The present thesis treats the numerical simulation of immiscible incompressible two-phase flows with moving contact lines. The conventional Navier–Stokes equations combined with a no-slip boundary condition leads to a non-integrable stress singularity at the contact line. The singularity in the model can be avoided by allowing the contact line to slip. Implementing slip conditions in an accurate way is not straight-forward and different regularization techniques exist where ad-hoc procedures are common. This thesis presents the first steps in developing the macroscopic part of an accurate multiscale model for a moving contact line problem in two space dimensions. It is assumed that a micro model has been used to determine a relation between the contact angle and the contact line velocity. An intermediate region is introduced where an analytical expression for the velocity field exists, assuming the solid wall is perfectly flat. This expression is used to implement boundary conditions for the moving contact line, at the macroscopic scale, along a fictitious boundary located a small distance away from the physical boundary. Model problems where the shape of the interface is constant throughout the simulation are introduced. For these problems, experiments show that the errors in the resulting contact line velocities converge with the grid size h at a rate of convergence p ≈ 2. Further, an analytical expression for the velocity field in the intermediate region for the case with a curved solid wall is derived. The derivation is based on perturbation analysis.

Moving contact line problems appear in many natural and industrial processes. A contact line is formed where the interface between two immiscible fluids meets a solid wall. Examples from everyday life include raindrops falling on a window and water bugs resting on water surfaces. In many cases the dynamics of the contact line affects the overall behavior of the system. Industrial applications where the contact line behavior is important include gas and oil recovery in porous media, lubrication, inkjet printing and microfluidics. Computer simulations are fundamental tools to understand and predict the behavior.  

In this thesis we look at numerical simulations of dynamic contact line problems. Despite their importance, the physics of moving contact lines is poorly understood. The standard Navier-Stokes equations together with the conventional no-slip boundary condition predicts a singularity in the shear stresses at the contact line. Atomistic processes at the contact line come into play, and it is necessary to include these processes in the model to resolve the singularity. In the case of capillary driven flows for example, it has been observed that the microscopic contact line dynamics has a large impact on the overall macroscopic flow.

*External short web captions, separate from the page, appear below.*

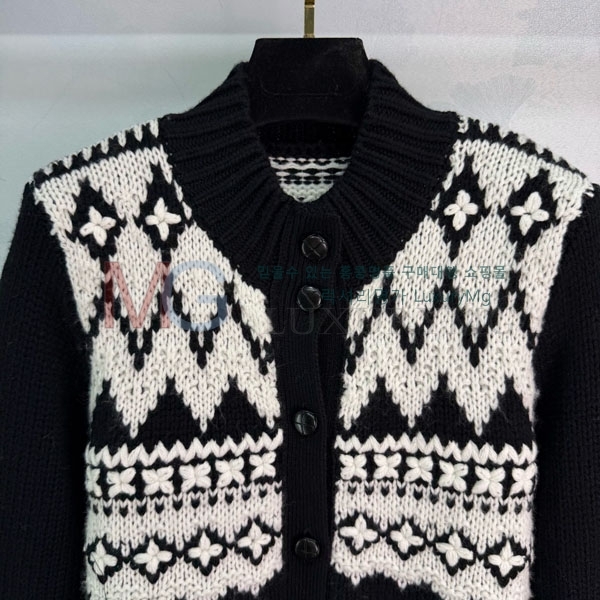 ���� �η�**�� ������ ����� LP325677-2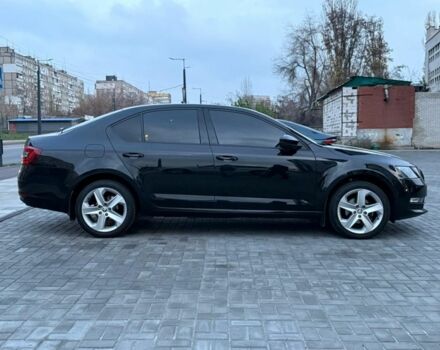 Черный Шкода Октавия, объемом двигателя 1.6 л и пробегом 61 тыс. км за 15900 $, фото 3 на Automoto.ua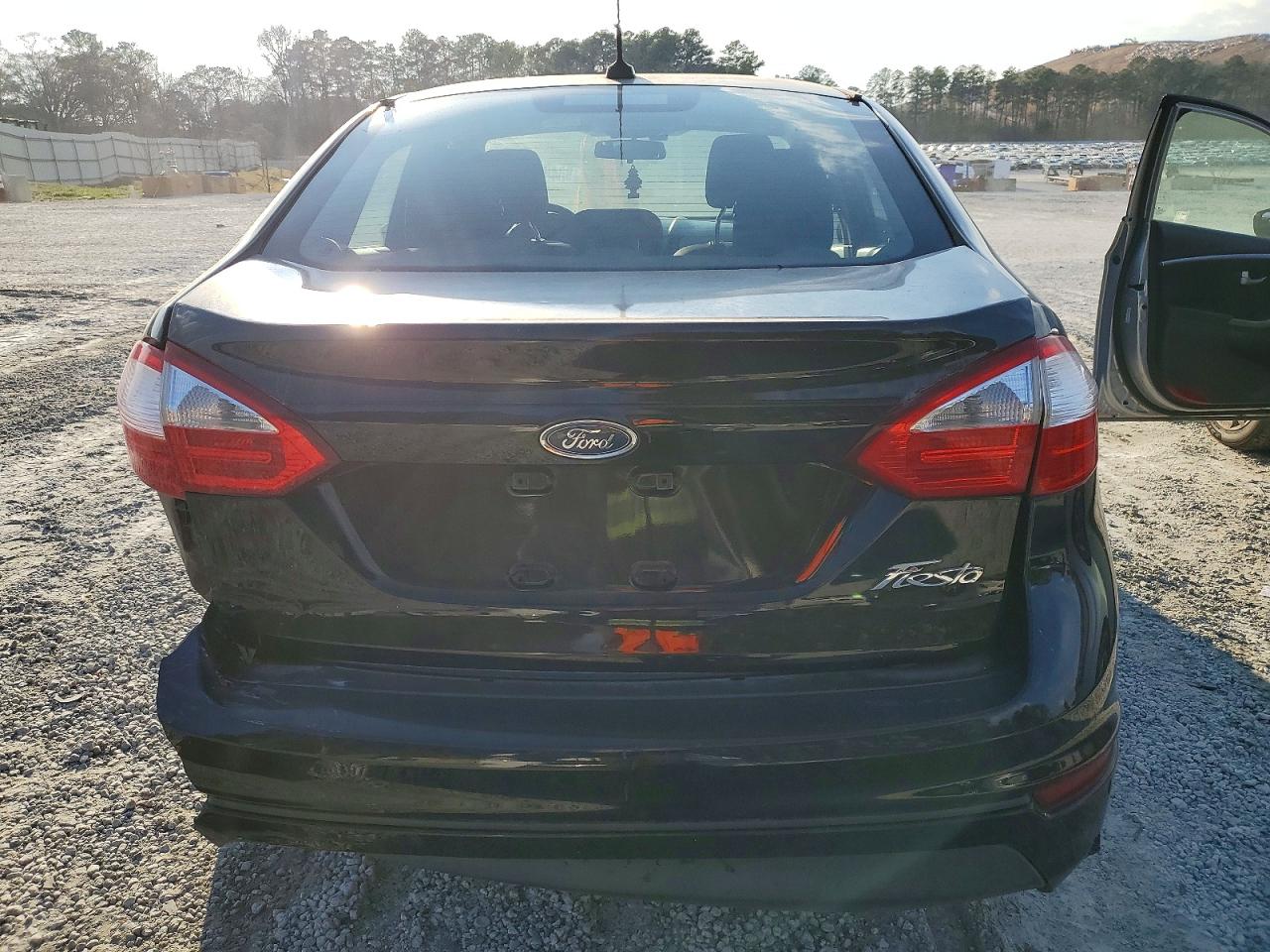 2016 FORD FIESTA S photo 6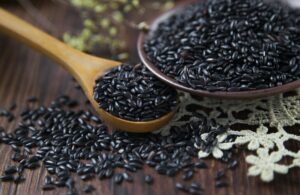 sữa chua nếp cẩm bao nhiêu calo
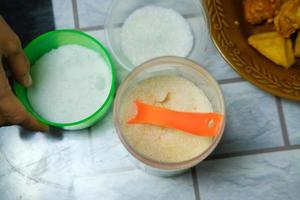 el condimento para cocinar consiste en azúcar, sal y glutamato monosódico en la mesa foto
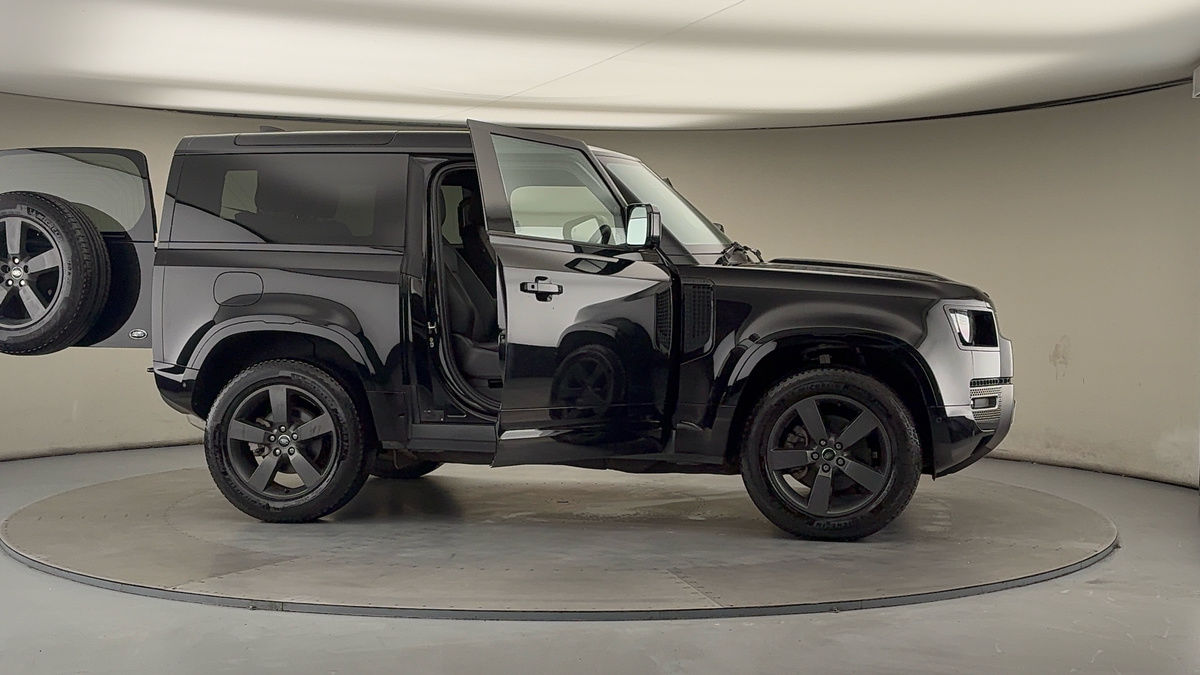 More views of Land Rover Defender 90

In Paper I we present a new multiscale model for numerical simulation of flow of two immiscible and incompressible fluids in the presence of moving contact points (i.e. two-dimensional problems). The paper presents a new boundary methodology based on combining a relation between the apparent contact angle and the contact point velocity, and a similarity solution for Stokes flow at a planar interface (the analytic Huh and Scriven velocity). The relation between the angle and the velocity is determined by performing separate microscopic simulations.

The classical Huh and Scriven solution is only valid for flow over flat walls. In Paper II we use perturbation analysis to extend the solution to flow over curved walls. Paper III presents the parallel finite element solver that is used to perform the numerical experiments presented in this thesis. Finally, the new multiscale model (presented in Paper I) is applied to a relevant microfluidic research problem in Paper IV. For this problem it is very important to have a model that accurately takes the atomistic effects at contact lines into account.